W środę 15 sierpnia 2025 roku Kyivstar największy operator telefonii komórkowej w Ukrainie, zapisał się na kartach historii. Jako pierwsza ukraińska firma zadebiutował na amerykańskiej giełdzie Nasdaq pod tickerem KYIV. Dla inwestorów zagranicznych otwiera to bezprecedensową możliwość udziału w odbudowie ukraińskiej gospodarki po pełnoskalowej inwazji Rosji, a dla samej Ukrainy jest to symboliczny znak wejścia na globalną scenę kapitałową.
Wydaje się, że jeśli rozmowy USA, Rosji i Ukrainy pójda optymistycznie… Spółka może przyciągnąć falę spekulacyjnego kapitału. Wszystko wskazuje jednak, że do tego czasu … Upłynie w Wiśle sporo wody. Nastroje inwestorów są kapryśne. Akcje Kyivstar pierwszego dnia notowań spadły prawie -7,5%, choć wycena wskaźnikiem cena/zysk nie jest wymagająca i wynosi niespełna 9. Co dalej?
Kyivstar przeciera szlaki
Spółka, należąca do międzynarodowej grupy VEON, utrzymuje połączenie z amerykańskim rynkiem nieprzypadkowo. Poprzez SPAC Cohen Circle Acquisition Corp. Kyivstar zdecydował się wejść na giełdę w USA, zamiast Londynu czy Warszawy. Jak przekazał prezes Oleksandr Komarov, decyzja ta miała przede wszystkim wzmocnić relacje z inwestorami amerykańskimi. Zwiększyć dostęp do kapitału niezbędnego w procesie odbudowy kraju.

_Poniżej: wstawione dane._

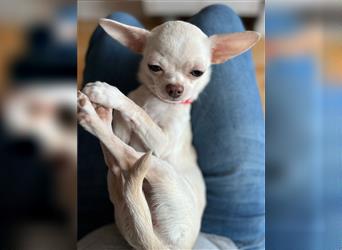Chihuahua - Kurzhaar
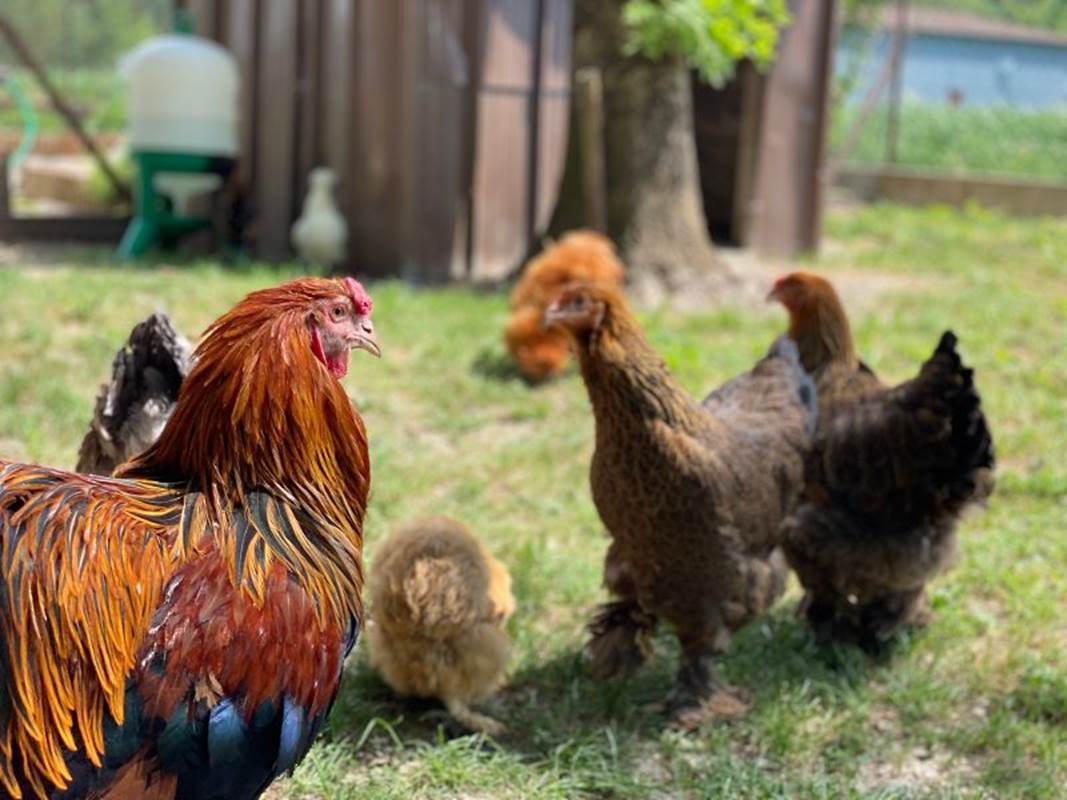 Gîte du Lapin Bleu Poulailler-gallery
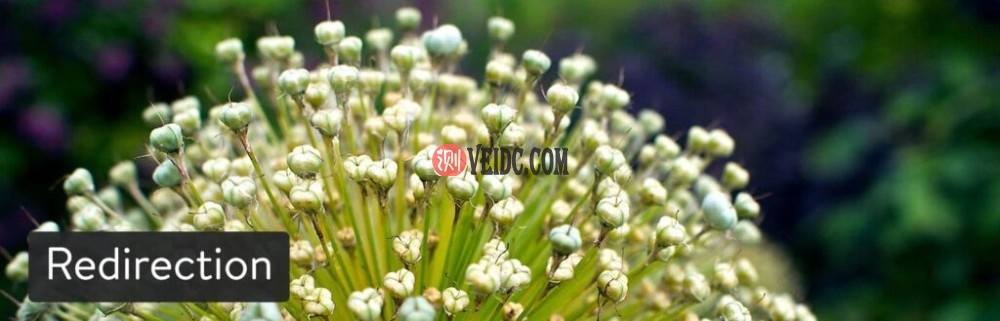 WordPress插件Redirection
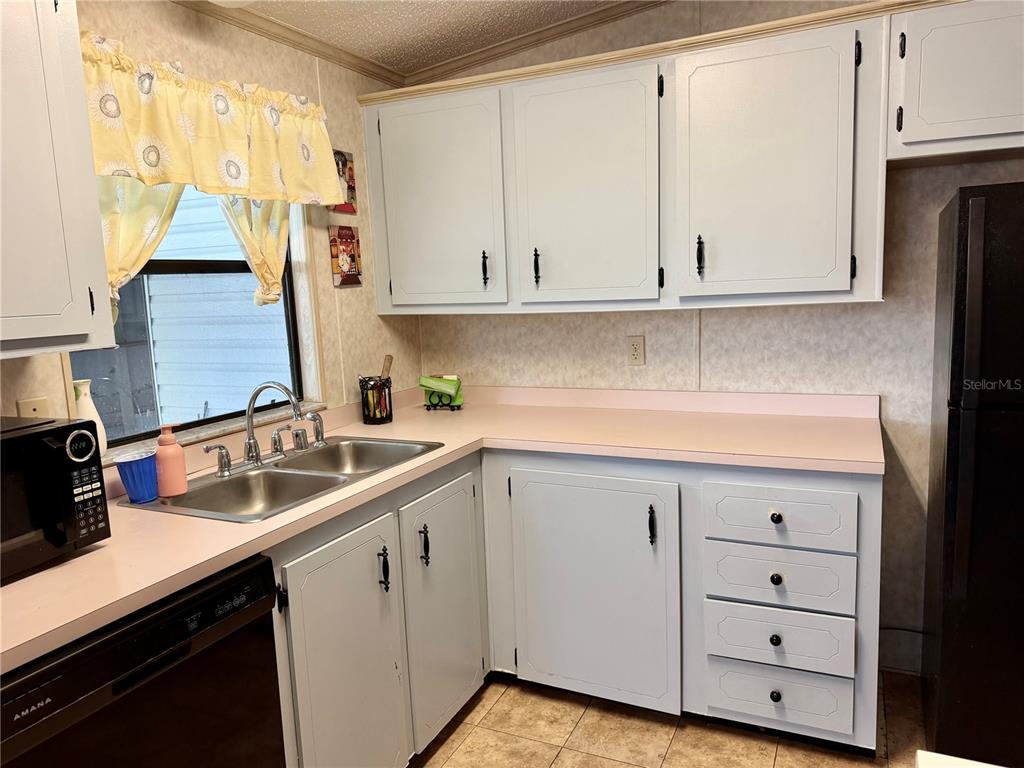A kitchen features light blue cabinets, a pink countertop, a double sink, and black appliances — 4637 BELLE GROVE, LEESBURG, FL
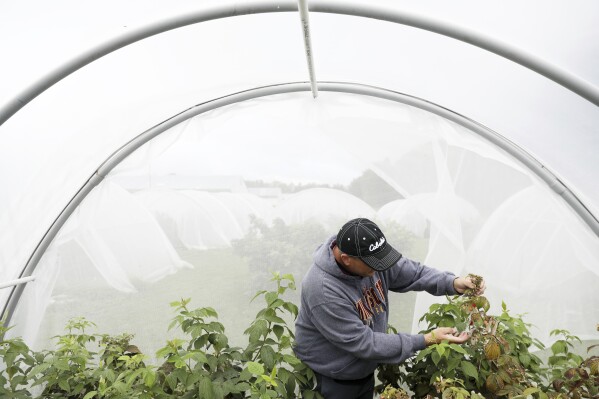 Entomology researcher Eric Burkness checked raspberry plants growing in a hoop house for signs of spotted wing drosophila Tuesday, Sept. 26, 2017, in Rosemont, Minn. New research from North Carolina State University offers some hope to fruit growers who have struggled with a damaging fruit fly and describes how the researchers manipulated the insects' DNA so that female offspring would be sterile. (Anthony Souffle/Star Tribune via AP)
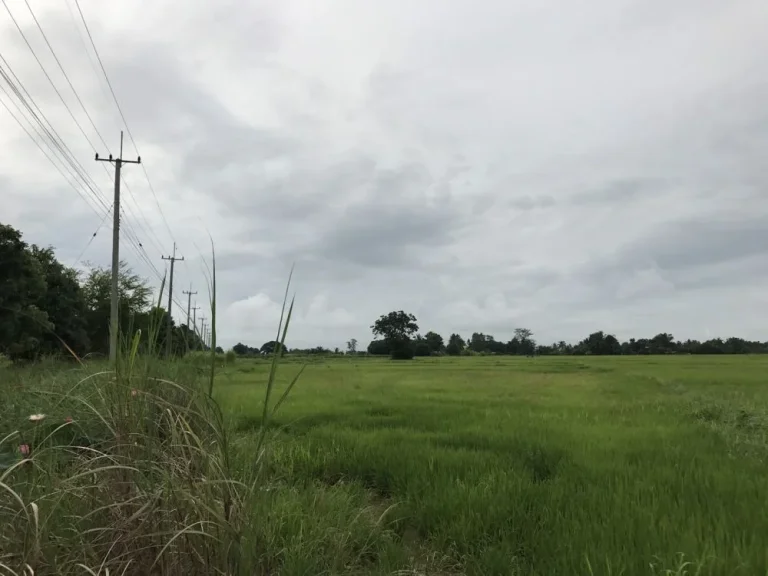 ขายที่ดินสุโขทัย ติดถนนใหญ่ 4 เลน สุโขทัย - ตาก จำนวน 50 ไร่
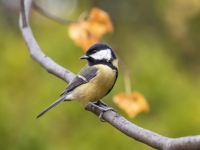 Lielā zīlīte (Parus major)
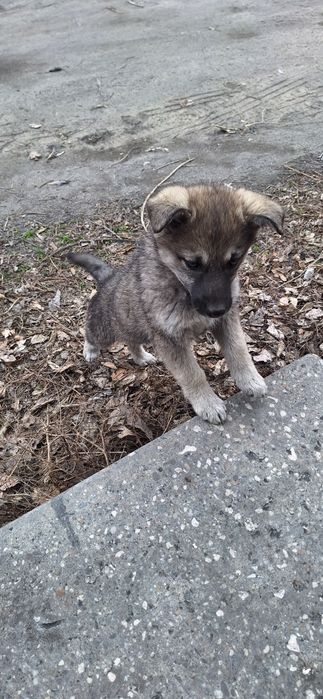 Отдам щенков БЕСПЛАТНО!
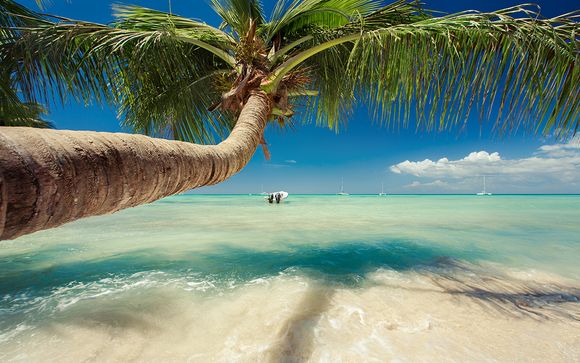 Votre croisière en un clin d'oeil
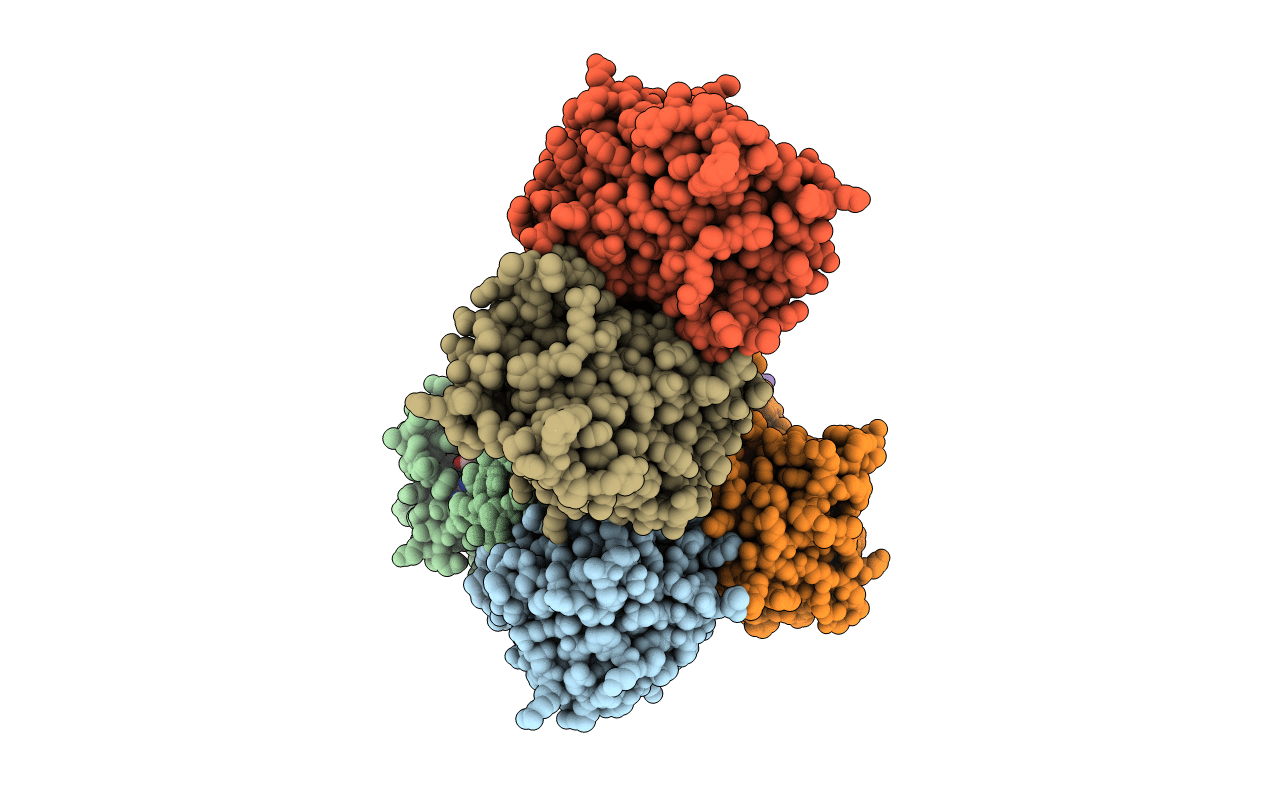 5CPB image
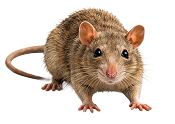 Rodent Control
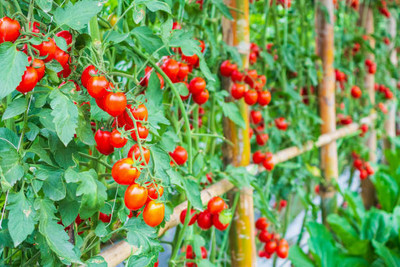 lodhi tomato Seed(135 per packet)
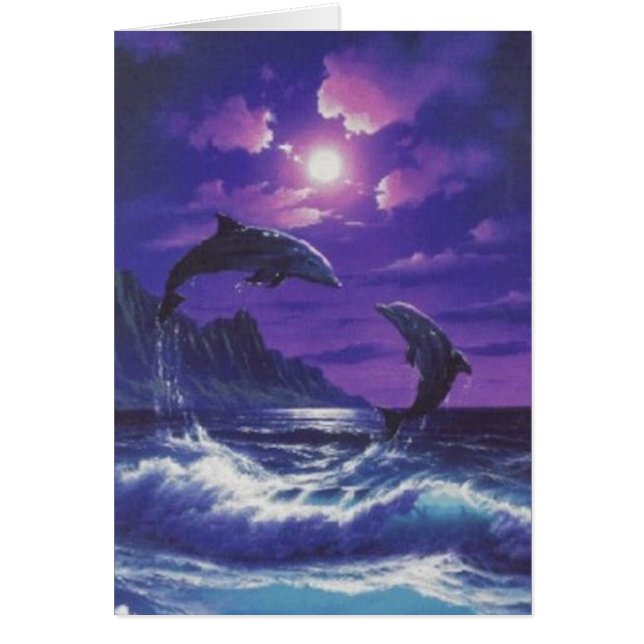 Dolphins (Front)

Debiut nie był tylko formalnością. Kyivstar już w pierwszych dniach pozyskał zobowiązania inwestycyjne na poziomie 52 mln dolarów, przy czym celem spółki jest pozyskanie nawet 200 mln USD. Pro forma wycena firmy wynosi obecnie 2,3 mld dolarów. Fundusz VEON zachowa większość udziałów – 89,6%. Zatem w publicznym obiegu znalazła się bardzo niewielka ilość akcji. To może być dobry znak, wskazujący, że główny akcjonariusz wierzy w biznes spółki.
Spółka z ambicjami
Działania Kyivstar w ostatnich latach pokazują ambicję i elastyczność firmy. Poza telefonią, operator inwestuje w nowe technologie. Od platformy medycznej Helsi, przez serwis ride-hailingowy Uklon, po testy technologii satelitarnej Starlink Direct to Cell, która pozwala wysyłać wiadomości SMS bezpośrednio przez satelitę. Wprowadzenie tej usługi planowane jest jeszcze w 2025 roku i może znacząco zwiększyć dostępność komunikacji w trudnodostępnych regionach kraju.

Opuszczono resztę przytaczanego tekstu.